Rejet des accords d’Oslo
Un passage de ce nouveau texte semble toutefois marquer une évolution de la doctrine du mouvement : «Sans compromettre son rejet de l’entité sioniste et sans renoncer à aucun droit palestinien, le Hamas considère que l’établissement d’un Etat palestinien pleinement souverain et indépendant, avec Jérusalem comme capitale selon les frontières du 4 juin 1967 [avant la Guerre des Six Jours] avec le retour des réfugiés et des déplacés dans leurs maisons d’où ils ont été expulsés, est une formule de consensus national.» Reste que derrière la reconnaissance de «cette formule de consensus», le Hamas réaffirme que les accords d’Oslo «génèrent des engagements qui violent les droits inaliénables du peuple palestinien». «Par conséquent, le Mouvement rejette ces accords et tout ce qui en découle», conclut le texte.
Notons enfin qu’en réponse aux critiques sur l’antisémitisme du texte historique, le Hamas botte en touche, affirmant que ledit antisémitisme est un phénomène «fondamentalement lié à l’histoire européenne […] et non à l’histoire des Arabes et des musulmans ou à leur héritage» culturel.
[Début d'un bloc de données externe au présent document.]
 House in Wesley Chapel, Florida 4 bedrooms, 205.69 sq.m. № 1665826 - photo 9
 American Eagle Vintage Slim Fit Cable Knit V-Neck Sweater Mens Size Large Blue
Le mouvement explique être en conflit «avec le projet sioniste et non avec les juifs en raison de leur religion. Le Hamas ne lutte pas contre les juifs parce qu’ils sont juifs, mais contre les sionistes qui occupent la Palestine.»
«La résistance armée comme choix stratégique»
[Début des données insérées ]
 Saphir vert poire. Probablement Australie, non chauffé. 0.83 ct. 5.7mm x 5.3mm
On le voit, l’esprit et les objectifs de la charte restent donc fondamentalement inchangés avec le complément de 2017. De fait, ce document n’annule pas celui de 1988. «C’est pour cela qu’il est passé, estimait en 2018 auprès de CheckNews Leïla Seurat, docteure en sciences politiques et chercheuse associée au Centre de recherches internationales. Les discussions sur la charte remontent à plusieurs années et ont fait l’objet de nombreux débats au sein du mouvement. Beaucoup de ses membres étaient réfractaires à toute initiative visant à son annulation.» Ce texte n’est «pas tellement nouveau», soulignait-elle, mais «est celui qui fait sens car il correspond mieux à la façon dont le Hamas agit. Il s’affiche comme la nouvelle référence politique du Hamas».
En 2020, l’historien Jean-François Legrain jugeait pour sa part que «la seule nouveauté» du document «réside dans la mention de la résistance armée comme choix stratégique». Selon lui, les auteurs «ont simplement opté de taire les fondements religieux, sans bien évidemment les renier». De son point de vue, à l’exception des considérations antisémites du texte de 1988, le reste des points qui y étaient développés «peuvent être considérés comme encore valides, comme le sont les nombreux communiqués et déclarations des trois dernières décennies.»
A la suite de la publication du texte de 2017, l’ambassade d’Israël en France avait jugé qu’il ne proposait «que des ajustements superficiels à la façon dont le Hamas se présente au monde», «un écran de fumée pour cacher l’objectif original du Hamas de détruire Israël par le terrorisme».